BEGIN
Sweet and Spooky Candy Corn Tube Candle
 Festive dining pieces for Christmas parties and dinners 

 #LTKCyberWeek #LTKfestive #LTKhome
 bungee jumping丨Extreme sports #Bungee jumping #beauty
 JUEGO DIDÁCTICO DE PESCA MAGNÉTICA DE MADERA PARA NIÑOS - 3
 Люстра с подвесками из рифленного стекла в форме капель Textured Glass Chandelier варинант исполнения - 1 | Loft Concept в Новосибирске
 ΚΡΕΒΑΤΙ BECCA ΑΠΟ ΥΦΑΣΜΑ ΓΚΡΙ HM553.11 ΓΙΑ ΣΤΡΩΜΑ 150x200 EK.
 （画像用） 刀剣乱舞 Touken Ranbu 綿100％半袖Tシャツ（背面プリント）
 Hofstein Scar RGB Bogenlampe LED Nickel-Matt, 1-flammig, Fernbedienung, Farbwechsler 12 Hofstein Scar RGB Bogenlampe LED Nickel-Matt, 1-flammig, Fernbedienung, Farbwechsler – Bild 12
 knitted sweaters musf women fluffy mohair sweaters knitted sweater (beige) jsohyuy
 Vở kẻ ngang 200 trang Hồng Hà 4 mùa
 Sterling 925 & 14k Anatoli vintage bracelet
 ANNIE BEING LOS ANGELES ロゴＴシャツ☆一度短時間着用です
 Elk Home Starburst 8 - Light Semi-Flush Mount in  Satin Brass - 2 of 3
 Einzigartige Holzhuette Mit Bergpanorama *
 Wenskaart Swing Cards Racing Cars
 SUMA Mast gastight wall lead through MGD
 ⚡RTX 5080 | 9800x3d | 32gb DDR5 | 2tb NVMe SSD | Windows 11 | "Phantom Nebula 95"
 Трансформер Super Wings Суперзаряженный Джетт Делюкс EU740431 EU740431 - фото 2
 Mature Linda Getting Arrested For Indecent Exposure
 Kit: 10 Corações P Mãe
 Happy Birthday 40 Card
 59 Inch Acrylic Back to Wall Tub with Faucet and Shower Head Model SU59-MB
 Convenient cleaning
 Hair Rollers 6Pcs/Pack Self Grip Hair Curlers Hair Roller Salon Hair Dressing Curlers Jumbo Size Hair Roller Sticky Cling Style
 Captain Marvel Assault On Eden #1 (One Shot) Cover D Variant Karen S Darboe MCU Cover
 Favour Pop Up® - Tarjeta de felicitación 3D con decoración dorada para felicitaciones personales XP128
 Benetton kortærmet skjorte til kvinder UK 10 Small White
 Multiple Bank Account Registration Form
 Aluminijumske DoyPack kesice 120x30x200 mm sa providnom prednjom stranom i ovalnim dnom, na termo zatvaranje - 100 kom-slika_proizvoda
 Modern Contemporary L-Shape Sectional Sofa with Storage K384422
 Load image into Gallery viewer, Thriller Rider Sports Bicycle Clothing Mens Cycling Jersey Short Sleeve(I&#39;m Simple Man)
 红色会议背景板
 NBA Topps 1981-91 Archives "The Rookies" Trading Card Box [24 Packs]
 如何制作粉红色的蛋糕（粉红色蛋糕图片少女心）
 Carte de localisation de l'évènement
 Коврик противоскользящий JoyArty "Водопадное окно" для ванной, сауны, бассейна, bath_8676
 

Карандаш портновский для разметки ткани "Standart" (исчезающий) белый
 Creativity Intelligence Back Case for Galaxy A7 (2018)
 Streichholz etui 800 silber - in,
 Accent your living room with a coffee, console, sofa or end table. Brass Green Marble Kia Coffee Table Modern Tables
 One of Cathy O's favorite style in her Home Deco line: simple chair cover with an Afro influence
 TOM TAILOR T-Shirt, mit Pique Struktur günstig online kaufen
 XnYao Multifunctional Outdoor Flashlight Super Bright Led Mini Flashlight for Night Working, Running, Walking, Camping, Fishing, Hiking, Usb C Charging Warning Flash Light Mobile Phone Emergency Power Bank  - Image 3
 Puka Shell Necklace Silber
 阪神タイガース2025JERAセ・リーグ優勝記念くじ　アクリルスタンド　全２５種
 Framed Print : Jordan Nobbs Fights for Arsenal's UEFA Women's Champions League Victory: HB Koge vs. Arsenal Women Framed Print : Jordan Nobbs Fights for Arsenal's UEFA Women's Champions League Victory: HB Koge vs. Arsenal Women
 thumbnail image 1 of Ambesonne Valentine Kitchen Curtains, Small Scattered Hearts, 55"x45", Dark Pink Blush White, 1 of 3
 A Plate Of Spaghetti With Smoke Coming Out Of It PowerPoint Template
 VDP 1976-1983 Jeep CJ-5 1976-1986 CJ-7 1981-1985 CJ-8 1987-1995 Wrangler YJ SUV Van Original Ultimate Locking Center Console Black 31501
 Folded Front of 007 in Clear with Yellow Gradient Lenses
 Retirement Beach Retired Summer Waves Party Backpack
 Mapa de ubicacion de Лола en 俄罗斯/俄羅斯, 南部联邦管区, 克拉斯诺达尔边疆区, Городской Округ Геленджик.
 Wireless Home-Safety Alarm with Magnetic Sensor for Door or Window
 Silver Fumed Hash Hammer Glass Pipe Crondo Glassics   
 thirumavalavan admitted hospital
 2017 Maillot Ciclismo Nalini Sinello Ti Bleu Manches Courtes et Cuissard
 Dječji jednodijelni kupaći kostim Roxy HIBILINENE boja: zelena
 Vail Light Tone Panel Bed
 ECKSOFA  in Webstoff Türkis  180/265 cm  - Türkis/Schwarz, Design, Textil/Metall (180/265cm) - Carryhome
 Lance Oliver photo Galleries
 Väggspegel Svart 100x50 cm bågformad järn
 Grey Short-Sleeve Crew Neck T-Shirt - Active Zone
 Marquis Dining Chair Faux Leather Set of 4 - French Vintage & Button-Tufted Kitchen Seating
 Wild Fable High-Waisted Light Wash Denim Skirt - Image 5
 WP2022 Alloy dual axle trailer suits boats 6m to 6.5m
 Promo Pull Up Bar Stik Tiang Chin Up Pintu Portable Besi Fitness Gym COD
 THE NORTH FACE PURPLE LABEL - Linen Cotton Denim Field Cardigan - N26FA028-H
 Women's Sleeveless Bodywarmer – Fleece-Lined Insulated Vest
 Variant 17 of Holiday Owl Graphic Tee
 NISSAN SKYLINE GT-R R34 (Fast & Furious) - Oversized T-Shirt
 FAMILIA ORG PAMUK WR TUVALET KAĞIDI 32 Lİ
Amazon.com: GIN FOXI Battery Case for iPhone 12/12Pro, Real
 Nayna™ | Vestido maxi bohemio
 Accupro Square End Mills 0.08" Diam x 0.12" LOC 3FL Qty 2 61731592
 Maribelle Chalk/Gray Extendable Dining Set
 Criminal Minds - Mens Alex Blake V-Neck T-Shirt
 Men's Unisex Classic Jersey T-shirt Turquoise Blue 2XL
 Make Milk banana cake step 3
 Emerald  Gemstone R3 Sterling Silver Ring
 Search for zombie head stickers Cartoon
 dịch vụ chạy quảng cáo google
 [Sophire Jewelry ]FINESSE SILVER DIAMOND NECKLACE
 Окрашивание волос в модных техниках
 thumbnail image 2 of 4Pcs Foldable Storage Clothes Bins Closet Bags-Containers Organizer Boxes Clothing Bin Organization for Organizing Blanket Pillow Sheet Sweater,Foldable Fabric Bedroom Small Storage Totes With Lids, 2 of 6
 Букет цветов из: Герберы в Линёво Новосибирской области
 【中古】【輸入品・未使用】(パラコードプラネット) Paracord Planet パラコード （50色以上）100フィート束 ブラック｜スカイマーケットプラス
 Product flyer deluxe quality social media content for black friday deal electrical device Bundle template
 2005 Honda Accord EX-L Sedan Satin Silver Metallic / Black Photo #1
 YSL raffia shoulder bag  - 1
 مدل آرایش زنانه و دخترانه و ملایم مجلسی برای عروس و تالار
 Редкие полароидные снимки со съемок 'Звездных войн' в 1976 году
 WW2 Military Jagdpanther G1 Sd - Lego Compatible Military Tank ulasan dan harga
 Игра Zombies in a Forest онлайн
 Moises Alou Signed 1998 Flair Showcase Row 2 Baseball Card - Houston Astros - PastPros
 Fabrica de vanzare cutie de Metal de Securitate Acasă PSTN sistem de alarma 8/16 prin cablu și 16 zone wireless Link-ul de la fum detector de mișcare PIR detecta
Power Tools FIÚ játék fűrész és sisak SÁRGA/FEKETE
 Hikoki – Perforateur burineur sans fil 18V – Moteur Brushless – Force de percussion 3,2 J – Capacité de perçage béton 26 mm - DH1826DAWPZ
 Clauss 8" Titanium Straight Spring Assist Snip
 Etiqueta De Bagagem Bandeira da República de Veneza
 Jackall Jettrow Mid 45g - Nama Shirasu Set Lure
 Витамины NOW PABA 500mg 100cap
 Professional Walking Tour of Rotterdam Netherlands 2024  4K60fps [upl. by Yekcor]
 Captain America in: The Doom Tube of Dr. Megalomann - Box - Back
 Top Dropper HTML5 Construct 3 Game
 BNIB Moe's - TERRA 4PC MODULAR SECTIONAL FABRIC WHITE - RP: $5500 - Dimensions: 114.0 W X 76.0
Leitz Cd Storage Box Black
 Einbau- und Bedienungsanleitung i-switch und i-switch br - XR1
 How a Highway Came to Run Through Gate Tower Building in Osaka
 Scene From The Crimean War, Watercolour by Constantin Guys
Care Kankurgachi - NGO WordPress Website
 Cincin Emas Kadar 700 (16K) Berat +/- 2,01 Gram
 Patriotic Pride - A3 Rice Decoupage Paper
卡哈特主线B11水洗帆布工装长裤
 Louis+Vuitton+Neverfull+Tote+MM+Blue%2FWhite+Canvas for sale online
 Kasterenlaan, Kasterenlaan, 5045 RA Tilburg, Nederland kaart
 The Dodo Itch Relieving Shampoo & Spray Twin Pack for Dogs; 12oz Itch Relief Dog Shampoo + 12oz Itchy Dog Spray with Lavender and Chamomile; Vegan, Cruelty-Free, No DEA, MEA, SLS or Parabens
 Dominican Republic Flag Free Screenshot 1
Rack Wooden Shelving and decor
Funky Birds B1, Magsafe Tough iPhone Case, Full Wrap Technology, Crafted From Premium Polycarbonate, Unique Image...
END
- _Task item_: When you answer, output each line of the data exactly as given, from its first line up to and including the one with "SUMA Mast gastight wall lead through MGD".

- _Answer to this exercise_:
Sweet and Spooky Candy Corn Tube Candle
 Festive dining pieces for Christmas parties and dinners 

 #LTKCyberWeek #LTKfestive #LTKhome
 bungee jumping丨Extreme sports #Bungee jumping #beauty
 JUEGO DIDÁCTICO DE PESCA MAGNÉTICA DE MADERA PARA NIÑOS - 3
 Люстра с подвесками из рифленного стекла в форме капель Textured Glass Chandelier варинант исполнения - 1 | Loft Concept в Новосибирске
 ΚΡΕΒΑΤΙ BECCA ΑΠΟ ΥΦΑΣΜΑ ΓΚΡΙ HM553.11 ΓΙΑ ΣΤΡΩΜΑ 150x200 EK.
 （画像用） 刀剣乱舞 Touken Ranbu 綿100％半袖Tシャツ（背面プリント）
 Hofstein Scar RGB Bogenlampe LED Nickel-Matt, 1-flammig, Fernbedienung, Farbwechsler 12 Hofstein Scar RGB Bogenlampe LED Nickel-Matt, 1-flammig, Fernbedienung, Farbwechsler – Bild 12
 knitted sweaters musf women fluffy mohair sweaters knitted sweater (beige) jsohyuy
 Vở kẻ ngang 200 trang Hồng Hà 4 mùa
 Sterling 925 & 14k Anatoli vintage bracelet
 ANNIE BEING LOS ANGELES ロゴＴシャツ☆一度短時間着用です
 Elk Home Starburst 8 - Light Semi-Flush Mount in  Satin Brass - 2 of 3
 Einzigartige Holzhuette Mit Bergpanorama *
 Wenskaart Swing Cards Racing Cars
 SUMA Mast gastight wall lead through MGD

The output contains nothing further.